Each problem’s first line is a integer N(the number of commands), and a word “FIFO” or “FILO”.(you are very happy because you know “FIFO” stands for “First In First Out”, and “FILO” means “First In Last Out”).
and the following N lines, each line is “IN M” or “OUT”, (M represent a integer).
and the answer of a problem is a passowrd of a door, so if you want to rescue ACboy, answer the problem carefully!
Input
The input contains multiple test cases.
The first line has one integer,represent the number oftest cases.

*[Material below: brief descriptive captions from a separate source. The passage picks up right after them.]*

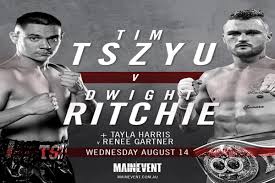 View complete tapology profile, bio, rankings, photos, news and record. Max Boxing News Rising Tim Tszyu Steps Up Against Dwight Ritchie In World Title Eliminator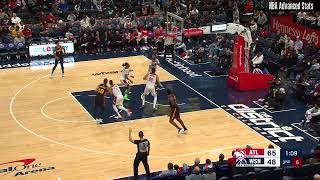 Justin Champagnie Player Full High Lowlights vs HAWKS 06 12 2025 NBA REGULAR SEASON Game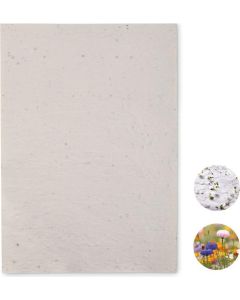 DIN A4 Wildblumen-Samenpapier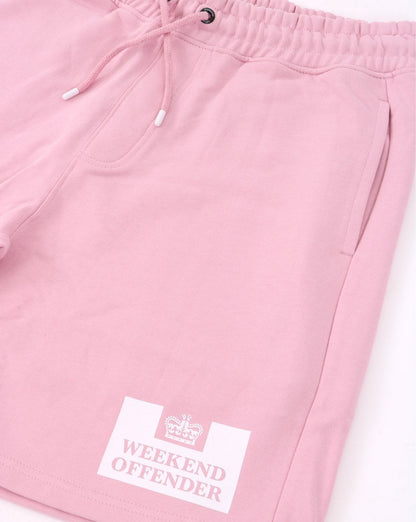 Weekend Offender Action Shorts Pink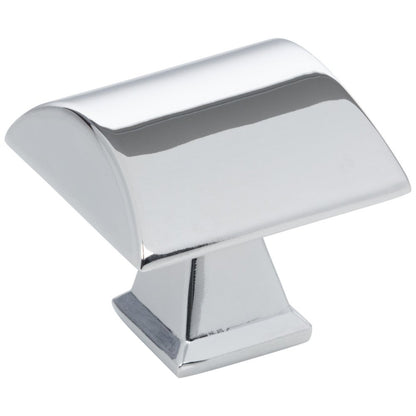 1-1/4" Overall Length Satin Nickel Roman Cabinet Knob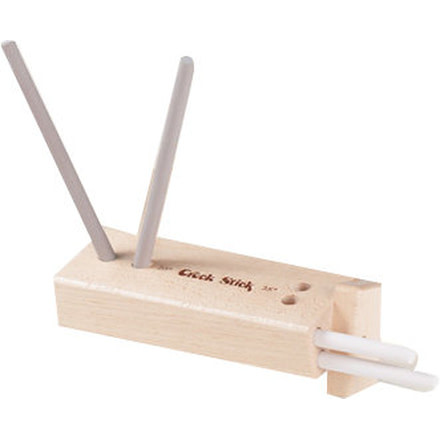 Lansky Sharpeners 4 Rod Deluxe Turn Box Sharpener, Brown LCD5D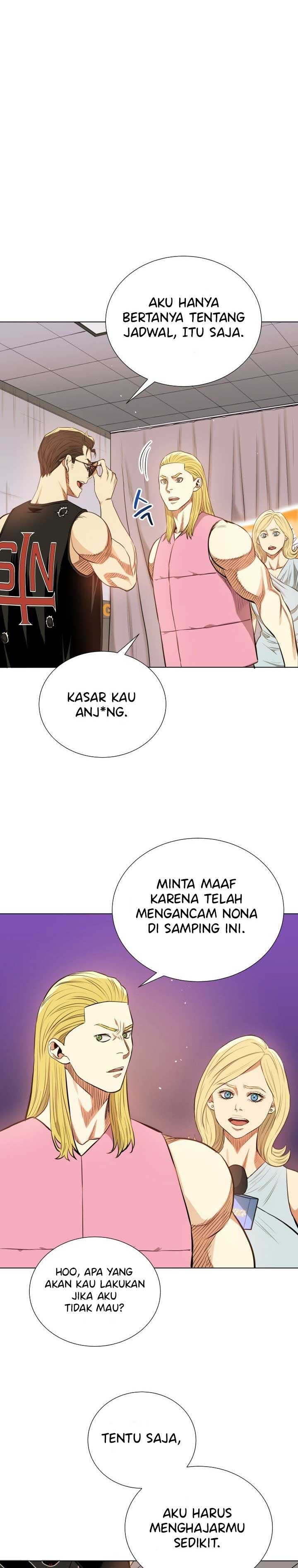 The God Of Professional Wrestling (God Of Pro Wrestling) Chapter 16 Gambar 9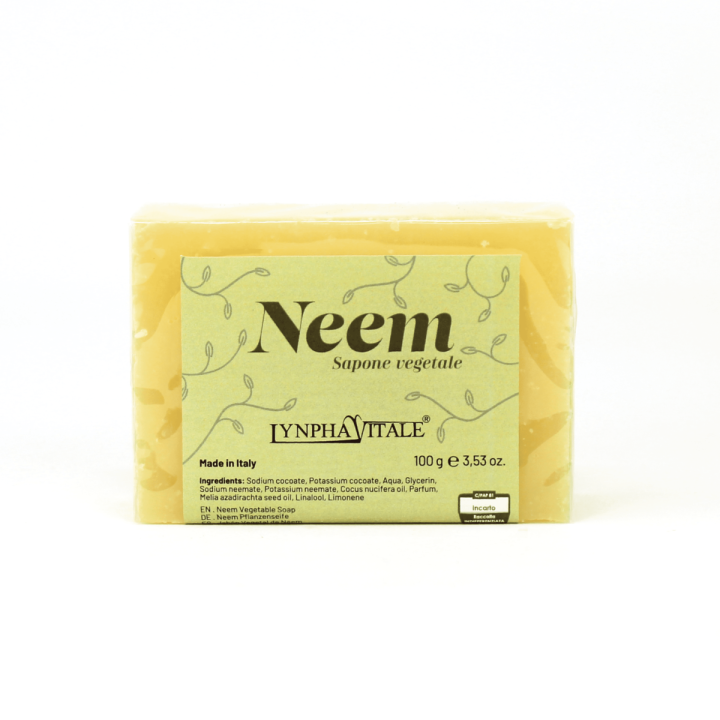 Saponetta all'Olio di Neem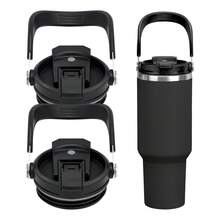 40 盎司替换翻盖杯盖，适用于 旅行杯盖，翻盖与 不锈钢真空隔热杯兼容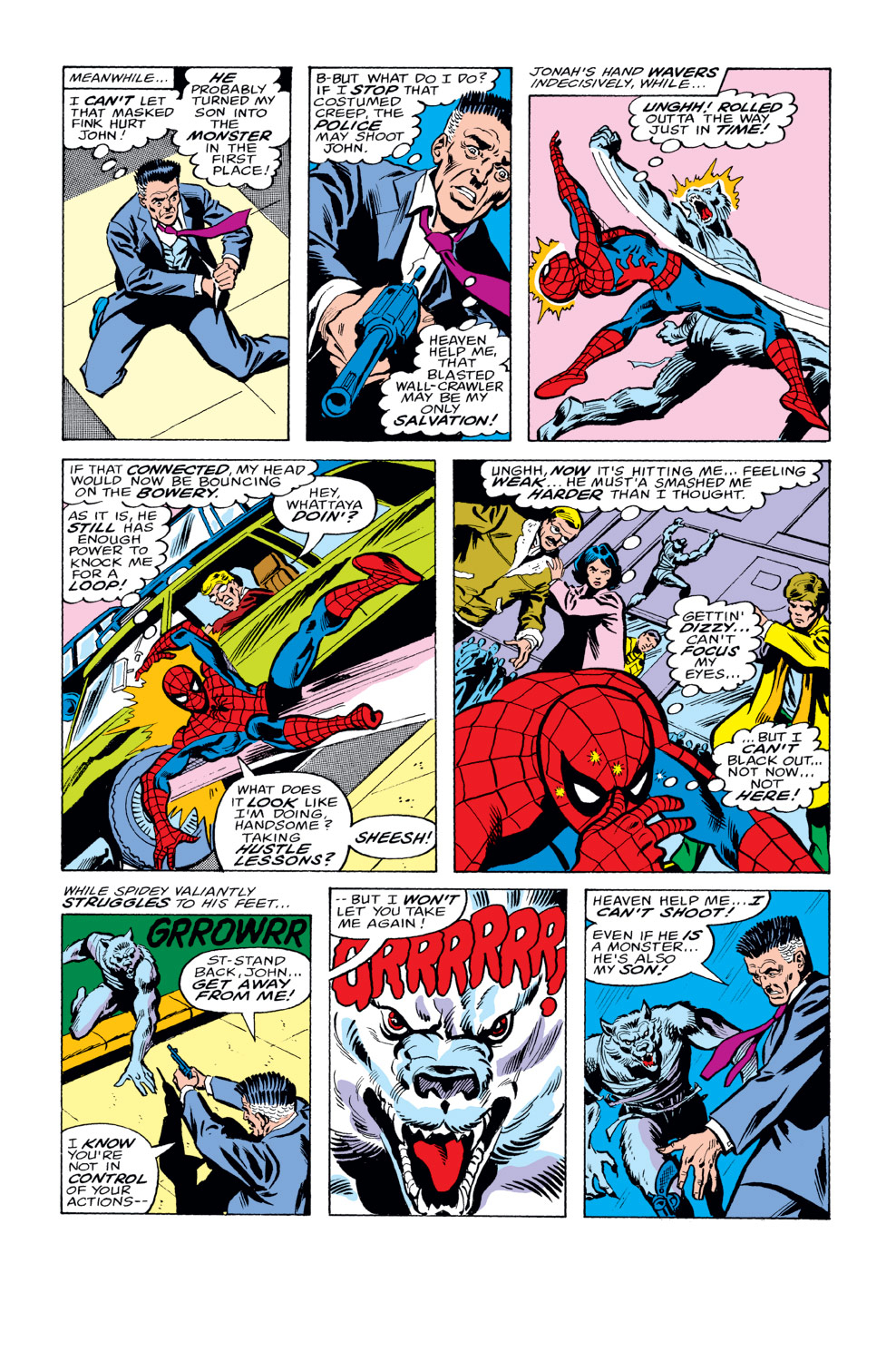 Read online The Amazing Spider-Man (1963) comic -  Issue #190 - 12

And the input of each subproblem are described above.
Output
For each command “OUT”, you should output a integer depend on the word is “FIFO” or “FILO”, or a word “None” if you don’t have any integer.
Sample Input
4
4 FIFO
IN 1
IN 2
OUT
OUT
4 FILO
IN 1
IN 2
OUT
OUT
5 FIFO
IN 1
IN 2
OUT
OUT
OUT
5 FILO
IN 1
IN 2
OUT
IN 3
OUT
Sample Output
1
2
2
1
1
2
None
2
3
解答:基本的兩種操作:
#include<iostream>
#include<stack>
#include<queue>
#include<cstring>
using namespace std;
int main()
{
int n,m,x,ans;
char s1[5], s2[5];
cin >> n;
while (n--) //總數
{
stack<int>s;
queue<int>q;
cin >> m; //操作數
scanf("%s", s1); //FIFO和FIFO
if (strcmp(s1, "FIFO") == 0)
{
for (int i = 1; i <= m; i++)
{
scanf("%s", s2); //具體指令
if (strcmp(s2, "IN") == 0) //處理
{
cin >> x;
q.push(x);
}
else
{
if (q.empty() == 1) //隊列空
cout << "None" << endl;
else
{
ans = q.front();
cout << ans << endl;
q.pop();
}
}
}
if (q.empty() == 0)
q.pop();
}
else
{
for (int i = 1; i <= m; i++)
{
scanf("%s", s2);
if (strcmp(s2, "IN") == 0)
{
cin >> x;
s.push(x);
}
else
{
if (s.empty() == 1)
cout << "None" << endl;
else
{
ans = s.top();
cout << ans << endl;
s.pop();
}
}
}
if (s.empty() == 0)
s.pop();
}
}
return 0;
}